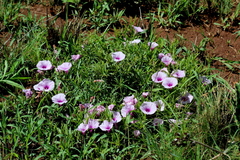 Ipomoea oenotheroides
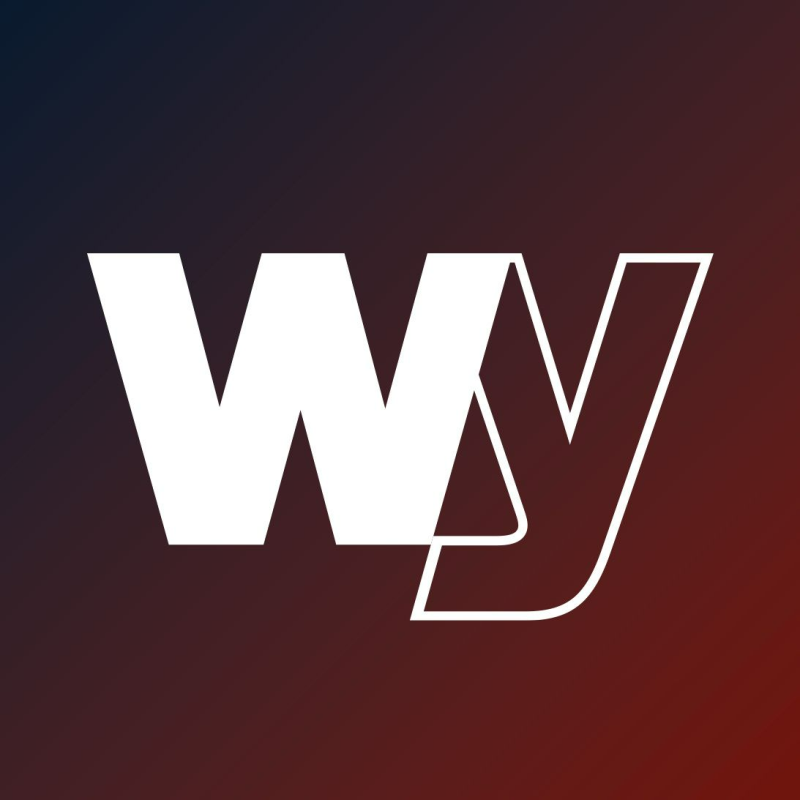 wellyou.eu Logo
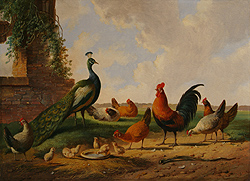 A Peacock and Chickens in a Landscape - Albertus Verhoesen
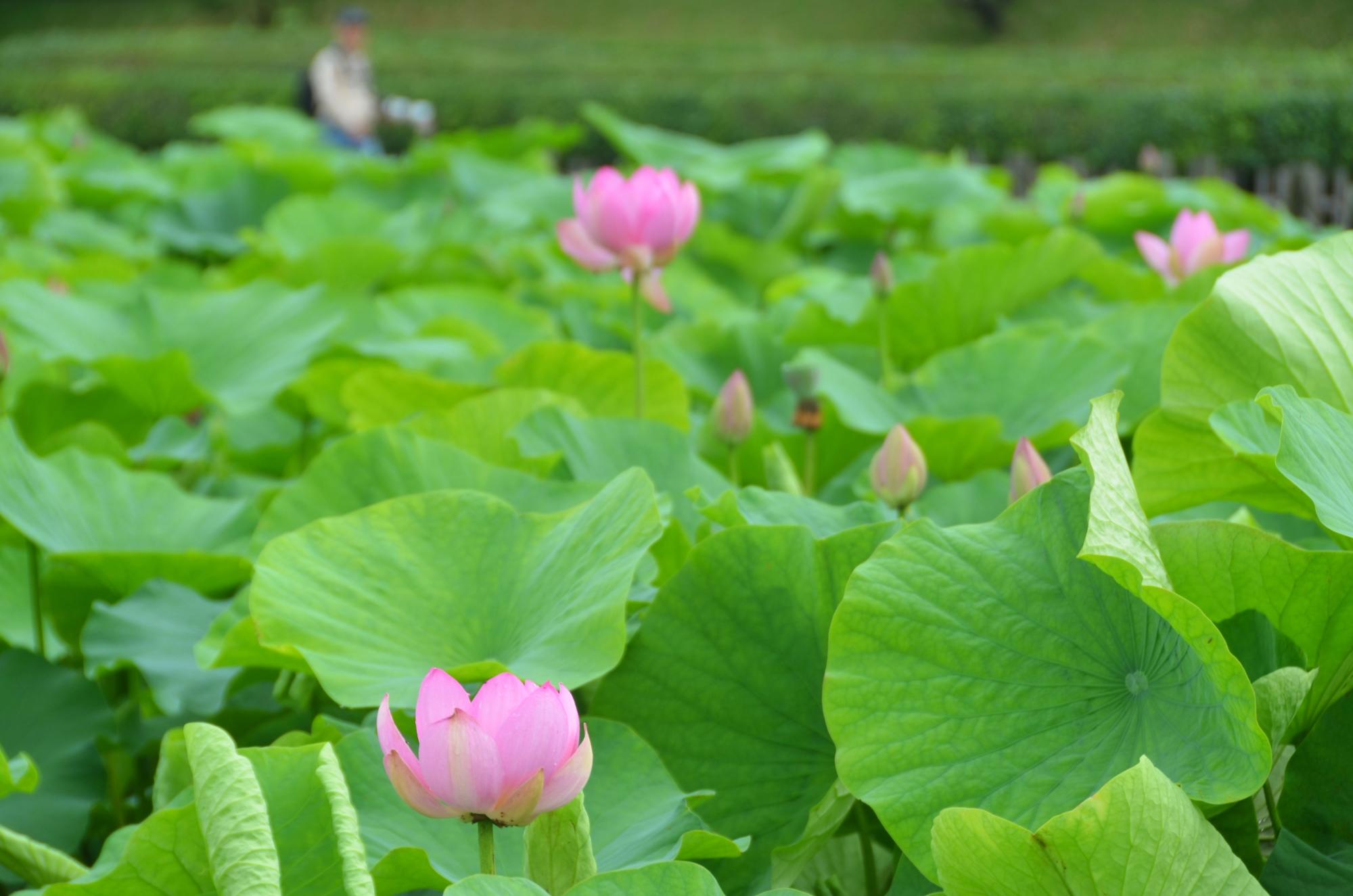 井田に咲く大賀ハスの花。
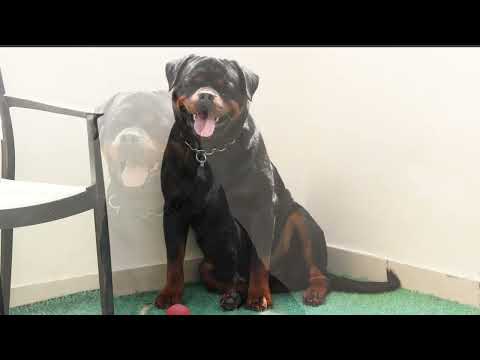 Just look at this Rottweiler’s face when he wants to play! 🤣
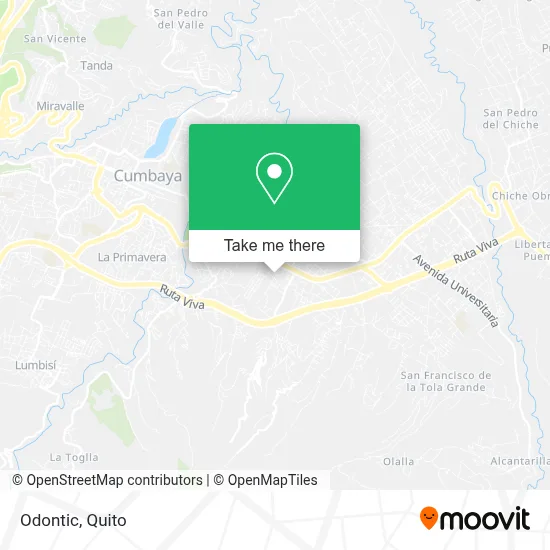 Odontic map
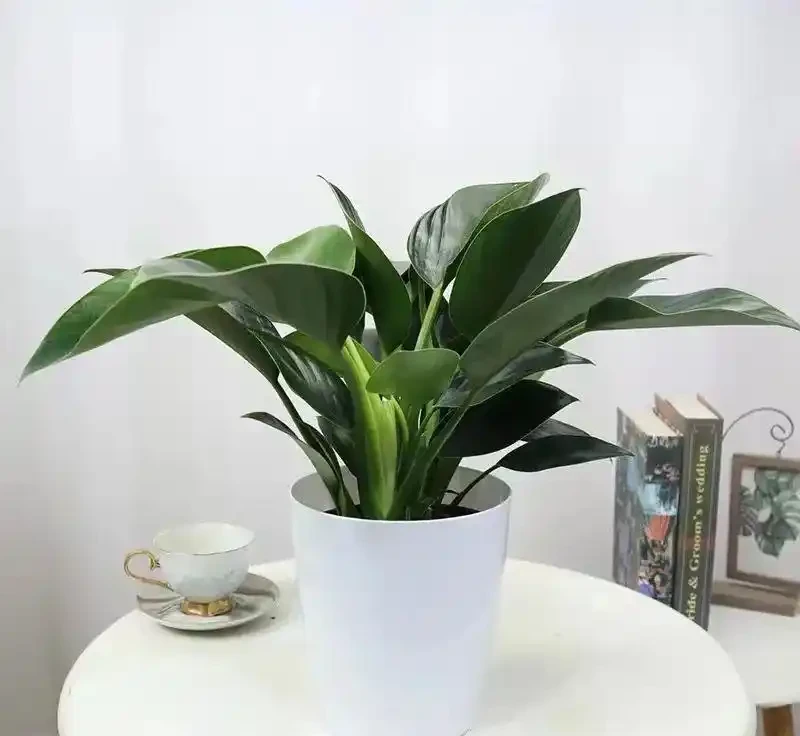 家裡養金鑽，冬天做好這幾點，葉子綠得發亮，越養越精神！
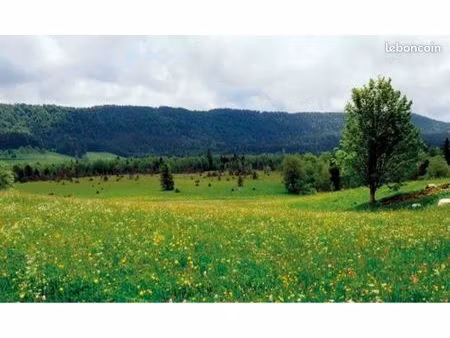 recherche prairie pature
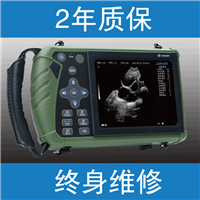 猪用b超机报价,给猪做b超的机器价格,养殖场猪兽用B超仪厂家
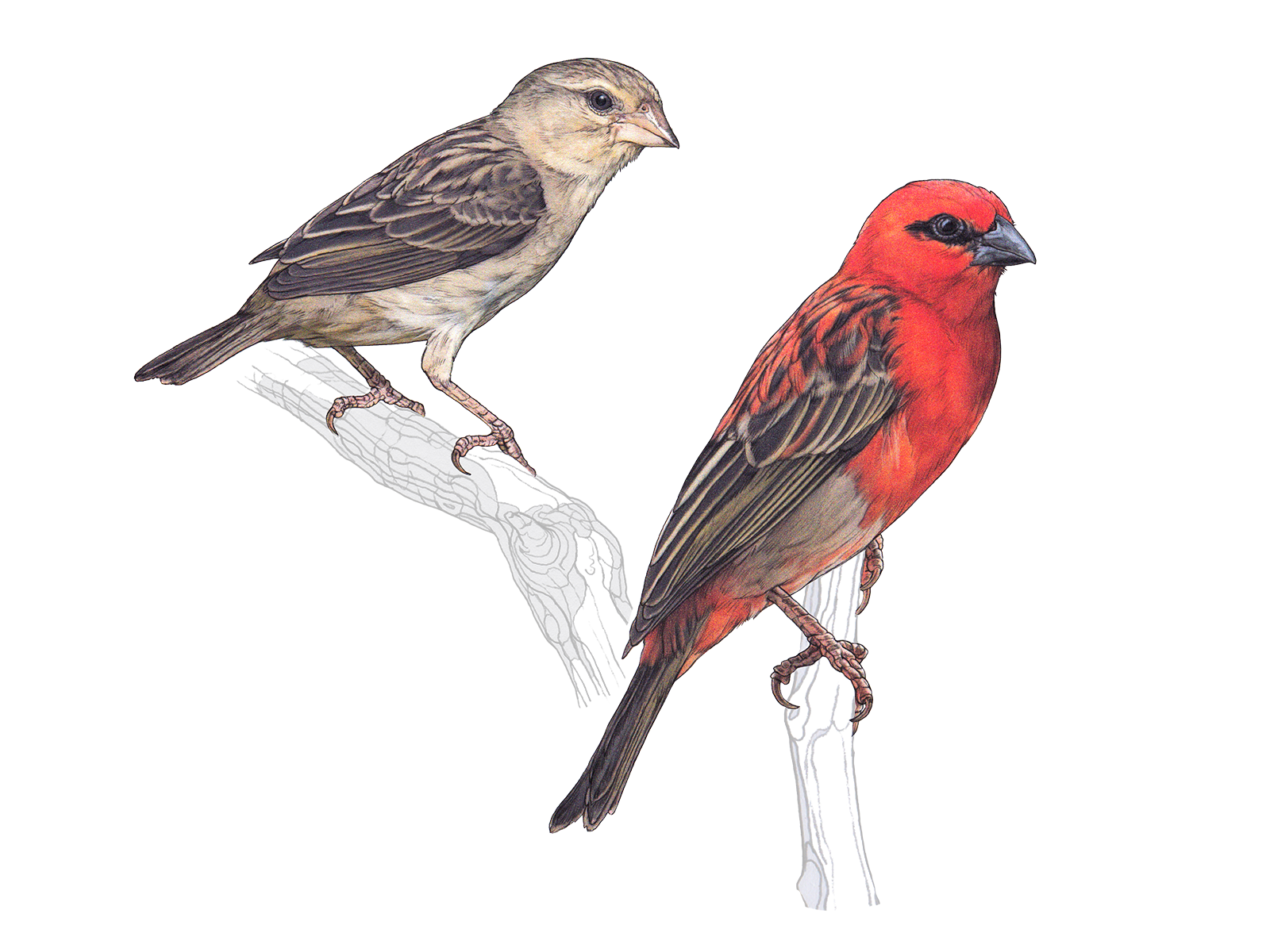 Wissenschaftliche Illustration des Madagaskarwebers.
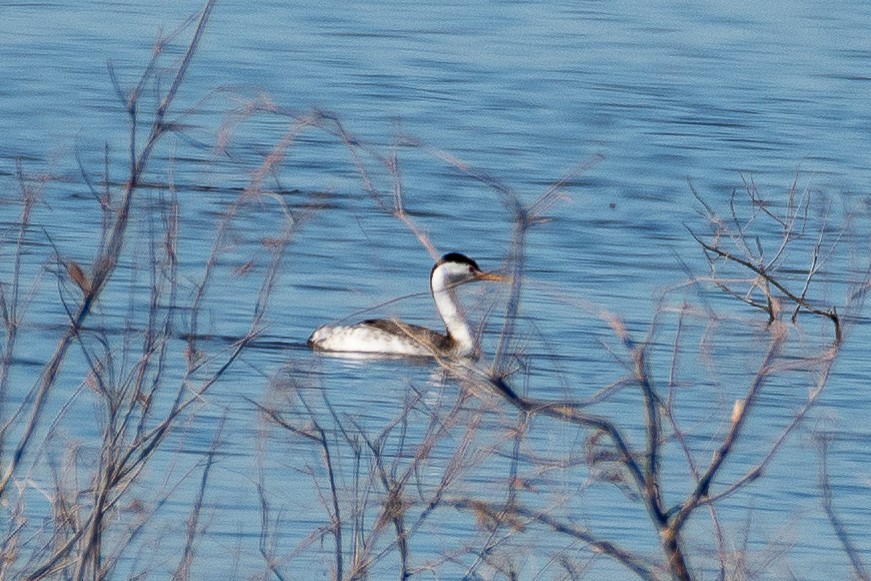 Grèbe à face blanche - ML644446077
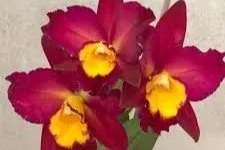 Rlc Tropic Flame "Volcano Queen"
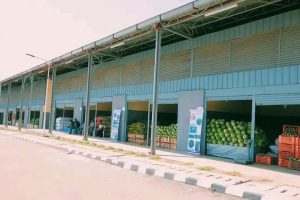 Read more about the article Misoomni Koridarii Sirna Daldalaa Magaalattii Jijjiireera – Ministira Muummee Abiyyi Ahimad (PhD)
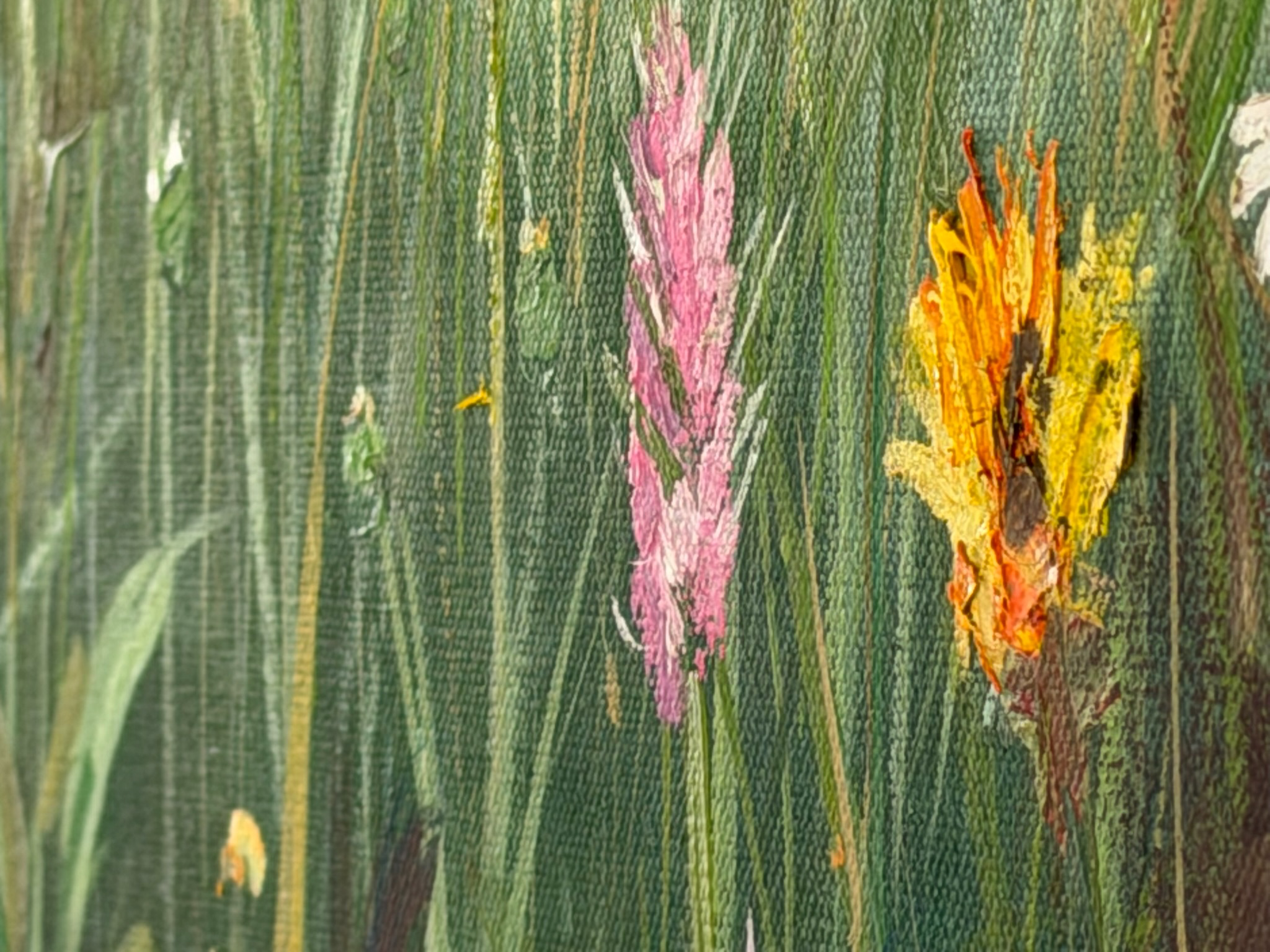 Magerwiese am Waldland - Ansicht 4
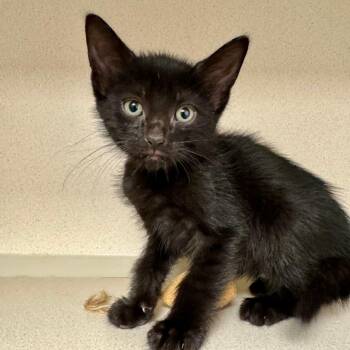 Domestic Short Hair Cats Available for Adoption in Wantagh, New York - Orca | PetCurious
════
__Your task__. Please retype only the lines from the line that holds "井田に咲く大賀ハスの花。" through the end of the records, exactly as they stand, and drop every picture.

__Worked solution__.
 井田に咲く大賀ハスの花。
 Just look at this Rottweiler’s face when he wants to play! 🤣
 Odontic map
 家裡養金鑽，冬天做好這幾點，葉子綠得發亮，越養越精神！
 recherche prairie pature
 猪用b超机报价,给猪做b超的机器价格,养殖场猪兽用B超仪厂家
 Wissenschaftliche Illustration des Madagaskarwebers.
 Grèbe à face blanche - ML644446077
 Rlc Tropic Flame "Volcano Queen"
 Read more about the article Misoomni Koridarii Sirna Daldalaa Magaalattii Jijjiireera – Ministira Muummee Abiyyi Ahimad (PhD)
 Magerwiese am Waldland - Ansicht 4
 Domestic Short Hair Cats Available for Adoption in Wantagh, New York - Orca | PetCurious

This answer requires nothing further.